Sounds intriguing, right? While it would be nice if it was just something you could do that would magically make all your relationship problems go away, like all relationships, it requires work. The habit in question is called “Turning Towards”. This can be physically turning towards your partner, or turning towards “bids for connection”.
Turning Towards… What?
To keep it simple, “Turning Towards” means acknowledging when your partner is talking to you, or responding in some way to show that you heard what they’re saying to you. It comes in different ways, and it could be when you hear them saying “ouch!” because they hurt themselves, asking them if they’re OK, or just any simple acknowledgement that they spoke to you and trying to connect to you. It means reciprocating their attempts at affection.
However, it can mean different things for different people. For some, it can mean engaging with them when they’re talking about their hobbies. By doing this, you show your partner that you respect what they have to say, and it’s important to you that they receive a response. Turning towards essentially shows your partner that you care, and that their feelings are reciprocated.

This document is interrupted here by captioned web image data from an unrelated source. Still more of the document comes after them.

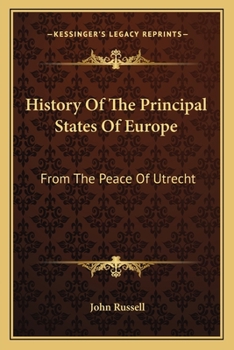 Paperback History Of The Principal States Of Europe: From The Peace Of Utrecht Book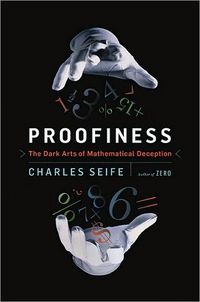 Proofiness by Charles Seife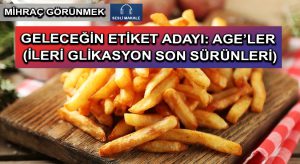 GELECEĞİN ETİKET ADAYI: AGE’LER (İLERİ GLİKASYON SON SÜRÜNLERİ)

What Does “Turning Away” Look Like?
In contrast with turning towards, turning away occurs when one partner tries to make a connection and the other does not accept it. Just like turning towards, turning away can happen in different ways. To give an example, one partner might try to start up a conversation by asking their partner about their day, but the partner shuts it down with a one-word answer; or one partner might initiate physical intimacy while the other does not respond.
Unsurprisingly, these small instances build up, and it will slowly chip away at the relationship. Partners whose bids of connection are consistently not accepted are much less likely to do it again due to the feeling of rejection. When one person stops reaching out for connection, it can have a negative impact on the relationship.
It’s Not Just For Romantic Relationships
While the research was based on romantic relationships, it applies to all kinds of relationships. Let’s say you’re hanging out with a friend, and you want to talk about your new job that you just got, but instead of being genuinely interested in what you have to say, and asking questions like “how’s the environment?”, “how are your coworkers?”, they reply with something short that immediately shuts down the conversation.
You’d probably feel a bit rejected because you’re attempting to bond with someone about a topic you’d think might be interesting to them, but instead you’re met with something like “Yeah, whatever.” Unfortunately, people do this ALL the time! They do it to their kids, their grandparents, their friends, etc., and it’s only a matter of time until it affects those relationships!
The Bottom Line
Look, nobody’s perfect, and no one is expected to be the most attentive person to their partner at all times. However, if you find yourself turning away in situations, it might be time for you to practice “turning towards” in ALL your relationships. The more often you do it, chances are, you’ll be in the 86% of long lasting relationships.
On the other hand, if there’s someone in your life who’s constantly turning away from your “bids for connection”, it may be time to start talking to them about it, or thinking about removing yourself from the situation before the hurt and resentment starts to build up. There’s only so many times a person can “turn away” until the other person decides that they’ve had enough of it.